Ce que le quotidien exige vraiment

La recherche attire par la curiosité intellectuelle, mais elle demande de la persévérance. Les résultats négatifs font partie du travail. Les financements, les délais, les publications, les normes qualité et les collaborations imposent une organisation rigoureuse. Dans une entreprise, la pression du calendrier et du résultat peut être plus directe ; dans le public, la compétition pour les postes et les projets peut être forte.

Un bon repère consiste à se demander ce qui motive le plus : comprendre en profondeur, expérimenter, coder, concevoir, encadrer, transmettre, analyser, coordonner ou transformer une découverte en application. La réponse oriente vers des métiers différents, même au sein d’un même domaine scientifique.

Évoluer sans rester enfermé dans un seul statut

Les carrières de recherche offrent plusieurs trajectoires. La voie académique mène vers les postes de chargé de recherche, maître de conférences, professeur ou directeur de recherche, avec parfois l’HDR pour encadrer officiellement des thèses. La voie privée peut conduire vers ingénieur senior, expert technique, chef de projet R&D, responsable innovation, directeur scientifique ou responsable produit.

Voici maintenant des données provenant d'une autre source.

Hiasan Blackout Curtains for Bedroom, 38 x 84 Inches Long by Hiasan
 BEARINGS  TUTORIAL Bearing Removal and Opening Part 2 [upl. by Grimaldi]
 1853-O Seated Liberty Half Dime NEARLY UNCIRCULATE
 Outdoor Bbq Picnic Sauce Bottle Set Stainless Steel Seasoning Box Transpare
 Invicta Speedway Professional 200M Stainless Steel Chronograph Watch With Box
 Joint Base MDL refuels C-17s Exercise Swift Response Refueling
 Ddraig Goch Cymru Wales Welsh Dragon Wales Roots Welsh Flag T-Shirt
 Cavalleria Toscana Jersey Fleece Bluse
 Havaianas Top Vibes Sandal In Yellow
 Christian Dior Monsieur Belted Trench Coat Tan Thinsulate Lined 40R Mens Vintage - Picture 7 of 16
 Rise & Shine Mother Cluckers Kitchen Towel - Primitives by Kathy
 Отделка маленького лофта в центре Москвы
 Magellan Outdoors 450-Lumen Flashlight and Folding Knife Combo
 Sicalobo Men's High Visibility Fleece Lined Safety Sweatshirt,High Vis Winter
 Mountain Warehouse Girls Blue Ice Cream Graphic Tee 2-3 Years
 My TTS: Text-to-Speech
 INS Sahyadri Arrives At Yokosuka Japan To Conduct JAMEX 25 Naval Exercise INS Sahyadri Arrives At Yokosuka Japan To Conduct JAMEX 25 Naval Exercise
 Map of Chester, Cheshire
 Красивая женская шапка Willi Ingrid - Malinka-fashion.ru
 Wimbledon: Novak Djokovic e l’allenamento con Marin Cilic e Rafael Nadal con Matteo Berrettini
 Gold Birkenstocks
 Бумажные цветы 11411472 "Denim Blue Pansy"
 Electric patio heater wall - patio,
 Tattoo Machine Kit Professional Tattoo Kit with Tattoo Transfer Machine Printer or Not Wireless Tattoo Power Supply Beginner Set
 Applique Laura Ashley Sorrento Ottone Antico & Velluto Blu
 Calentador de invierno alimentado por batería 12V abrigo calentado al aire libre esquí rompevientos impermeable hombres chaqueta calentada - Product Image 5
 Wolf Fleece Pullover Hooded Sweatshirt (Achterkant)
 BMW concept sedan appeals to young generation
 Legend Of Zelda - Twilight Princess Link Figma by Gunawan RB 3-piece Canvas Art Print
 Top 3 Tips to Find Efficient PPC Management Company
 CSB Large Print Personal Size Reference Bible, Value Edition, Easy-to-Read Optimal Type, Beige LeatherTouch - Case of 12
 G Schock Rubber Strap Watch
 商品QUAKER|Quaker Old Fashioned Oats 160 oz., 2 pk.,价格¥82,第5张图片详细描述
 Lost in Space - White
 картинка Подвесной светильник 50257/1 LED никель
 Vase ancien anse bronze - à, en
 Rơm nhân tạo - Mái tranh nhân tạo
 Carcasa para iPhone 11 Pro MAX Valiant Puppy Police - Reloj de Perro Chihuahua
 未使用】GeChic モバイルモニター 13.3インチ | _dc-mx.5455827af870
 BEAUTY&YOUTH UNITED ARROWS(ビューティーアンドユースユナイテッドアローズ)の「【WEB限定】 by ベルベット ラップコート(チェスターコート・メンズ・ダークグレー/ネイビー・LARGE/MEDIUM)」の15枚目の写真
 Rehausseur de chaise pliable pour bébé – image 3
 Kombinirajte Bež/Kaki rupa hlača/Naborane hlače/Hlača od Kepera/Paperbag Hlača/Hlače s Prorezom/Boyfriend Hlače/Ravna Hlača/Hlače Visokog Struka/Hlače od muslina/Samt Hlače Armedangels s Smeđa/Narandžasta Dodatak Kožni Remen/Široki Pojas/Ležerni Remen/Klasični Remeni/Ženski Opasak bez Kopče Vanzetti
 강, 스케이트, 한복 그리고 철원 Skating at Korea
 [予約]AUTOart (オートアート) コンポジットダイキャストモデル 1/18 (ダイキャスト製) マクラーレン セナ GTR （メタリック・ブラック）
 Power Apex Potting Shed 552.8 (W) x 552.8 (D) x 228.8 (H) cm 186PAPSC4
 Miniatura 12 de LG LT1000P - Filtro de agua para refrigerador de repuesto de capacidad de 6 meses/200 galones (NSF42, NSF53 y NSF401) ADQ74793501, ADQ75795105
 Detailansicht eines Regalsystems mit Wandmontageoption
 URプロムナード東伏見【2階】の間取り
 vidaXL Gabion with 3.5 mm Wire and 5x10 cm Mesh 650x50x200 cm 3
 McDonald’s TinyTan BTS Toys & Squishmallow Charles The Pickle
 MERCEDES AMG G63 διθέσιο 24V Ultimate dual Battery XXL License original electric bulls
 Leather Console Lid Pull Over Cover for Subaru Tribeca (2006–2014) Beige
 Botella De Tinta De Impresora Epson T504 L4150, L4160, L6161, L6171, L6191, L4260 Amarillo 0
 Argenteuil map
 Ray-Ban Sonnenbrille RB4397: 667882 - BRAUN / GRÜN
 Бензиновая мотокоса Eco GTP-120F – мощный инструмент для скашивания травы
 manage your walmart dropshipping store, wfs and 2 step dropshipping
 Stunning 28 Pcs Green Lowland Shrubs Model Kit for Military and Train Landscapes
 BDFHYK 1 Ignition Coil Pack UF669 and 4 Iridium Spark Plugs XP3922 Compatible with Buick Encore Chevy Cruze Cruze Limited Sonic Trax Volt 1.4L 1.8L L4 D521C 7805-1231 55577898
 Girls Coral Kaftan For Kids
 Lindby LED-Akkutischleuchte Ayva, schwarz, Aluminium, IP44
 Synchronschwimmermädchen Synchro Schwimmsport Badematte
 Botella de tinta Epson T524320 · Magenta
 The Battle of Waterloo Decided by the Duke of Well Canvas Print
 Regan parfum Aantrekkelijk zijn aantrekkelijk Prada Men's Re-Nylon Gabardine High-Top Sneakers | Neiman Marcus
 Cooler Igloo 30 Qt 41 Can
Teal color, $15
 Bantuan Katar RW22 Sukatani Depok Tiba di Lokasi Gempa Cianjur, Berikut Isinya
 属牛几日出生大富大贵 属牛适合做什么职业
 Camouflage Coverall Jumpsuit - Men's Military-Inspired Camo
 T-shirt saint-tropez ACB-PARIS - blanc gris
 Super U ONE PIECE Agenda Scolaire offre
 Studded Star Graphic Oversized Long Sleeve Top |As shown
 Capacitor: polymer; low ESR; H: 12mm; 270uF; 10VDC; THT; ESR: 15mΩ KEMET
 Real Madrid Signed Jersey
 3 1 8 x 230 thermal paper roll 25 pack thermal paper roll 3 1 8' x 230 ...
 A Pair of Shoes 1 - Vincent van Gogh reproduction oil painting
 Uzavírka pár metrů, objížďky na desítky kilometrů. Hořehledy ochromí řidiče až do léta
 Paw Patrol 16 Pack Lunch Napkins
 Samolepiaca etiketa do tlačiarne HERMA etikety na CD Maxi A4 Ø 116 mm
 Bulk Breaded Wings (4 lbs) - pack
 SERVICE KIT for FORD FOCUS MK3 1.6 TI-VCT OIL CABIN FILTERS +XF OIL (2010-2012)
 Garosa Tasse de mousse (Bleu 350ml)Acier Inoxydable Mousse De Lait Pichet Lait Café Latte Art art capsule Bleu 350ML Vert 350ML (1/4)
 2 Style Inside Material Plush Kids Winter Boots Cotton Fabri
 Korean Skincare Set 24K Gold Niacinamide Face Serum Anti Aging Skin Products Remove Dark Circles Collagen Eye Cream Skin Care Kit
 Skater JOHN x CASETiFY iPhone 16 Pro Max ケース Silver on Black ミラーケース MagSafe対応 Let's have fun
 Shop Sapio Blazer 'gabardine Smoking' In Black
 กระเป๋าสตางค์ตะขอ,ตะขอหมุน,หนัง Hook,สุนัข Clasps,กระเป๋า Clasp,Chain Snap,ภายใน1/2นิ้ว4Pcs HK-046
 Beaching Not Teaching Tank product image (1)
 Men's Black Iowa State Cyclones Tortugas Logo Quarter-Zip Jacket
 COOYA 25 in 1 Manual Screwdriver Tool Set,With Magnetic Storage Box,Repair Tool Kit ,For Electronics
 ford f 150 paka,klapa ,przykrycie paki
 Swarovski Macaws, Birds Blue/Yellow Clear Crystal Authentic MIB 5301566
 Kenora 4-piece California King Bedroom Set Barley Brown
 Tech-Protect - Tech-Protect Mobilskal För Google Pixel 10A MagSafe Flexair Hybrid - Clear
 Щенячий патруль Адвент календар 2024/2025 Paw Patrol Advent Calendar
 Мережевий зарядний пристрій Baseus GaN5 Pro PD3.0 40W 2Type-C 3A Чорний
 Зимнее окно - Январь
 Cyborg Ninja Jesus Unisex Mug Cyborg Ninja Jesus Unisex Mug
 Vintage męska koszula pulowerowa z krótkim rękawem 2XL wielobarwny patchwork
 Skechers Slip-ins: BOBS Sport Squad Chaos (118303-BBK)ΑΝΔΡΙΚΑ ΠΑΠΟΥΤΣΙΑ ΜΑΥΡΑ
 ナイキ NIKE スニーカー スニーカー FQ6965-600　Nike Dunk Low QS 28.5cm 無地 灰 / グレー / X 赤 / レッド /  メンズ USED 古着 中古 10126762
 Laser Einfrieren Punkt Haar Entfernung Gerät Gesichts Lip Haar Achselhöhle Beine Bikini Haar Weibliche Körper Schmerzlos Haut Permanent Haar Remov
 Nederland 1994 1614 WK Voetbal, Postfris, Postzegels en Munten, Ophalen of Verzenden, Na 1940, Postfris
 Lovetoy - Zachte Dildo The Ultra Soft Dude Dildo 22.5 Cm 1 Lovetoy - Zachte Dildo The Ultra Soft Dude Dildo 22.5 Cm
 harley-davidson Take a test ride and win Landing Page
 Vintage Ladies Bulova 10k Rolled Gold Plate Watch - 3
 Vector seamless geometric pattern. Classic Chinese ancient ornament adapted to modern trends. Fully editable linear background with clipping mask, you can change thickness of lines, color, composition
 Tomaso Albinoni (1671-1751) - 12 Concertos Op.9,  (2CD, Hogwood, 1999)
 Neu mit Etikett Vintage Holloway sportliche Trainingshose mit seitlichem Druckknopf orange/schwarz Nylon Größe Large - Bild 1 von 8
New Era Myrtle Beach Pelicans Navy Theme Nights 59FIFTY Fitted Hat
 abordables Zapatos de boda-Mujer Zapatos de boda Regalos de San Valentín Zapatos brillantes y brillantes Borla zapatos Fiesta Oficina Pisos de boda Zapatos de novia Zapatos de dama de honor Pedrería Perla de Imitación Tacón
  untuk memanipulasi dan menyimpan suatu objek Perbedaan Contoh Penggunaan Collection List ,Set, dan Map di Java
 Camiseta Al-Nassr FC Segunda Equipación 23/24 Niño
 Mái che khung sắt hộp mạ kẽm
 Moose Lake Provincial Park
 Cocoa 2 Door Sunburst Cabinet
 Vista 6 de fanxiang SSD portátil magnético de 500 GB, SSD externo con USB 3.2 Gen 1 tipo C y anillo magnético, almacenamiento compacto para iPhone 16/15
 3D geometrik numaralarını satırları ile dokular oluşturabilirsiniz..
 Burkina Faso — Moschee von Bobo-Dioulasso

Le secteur reste marqué par des enjeux de diversité : les femmes représentent 34% des personnels de recherche. Cette réalité varie selon les disciplines et les niveaux de responsabilité, mais elle influence les politiques de recrutement, de mentorat et d’attractivité. Pour un étudiant ou une personne en reconversion, le meilleur choix consiste à croiser trois critères : appétence scientifique, niveau d’études envisagé et environnement souhaité. C’est cette combinaison, plus qu’un intitulé de poste isolé, qui permet de trouver un métier de recherche durable et cohérent.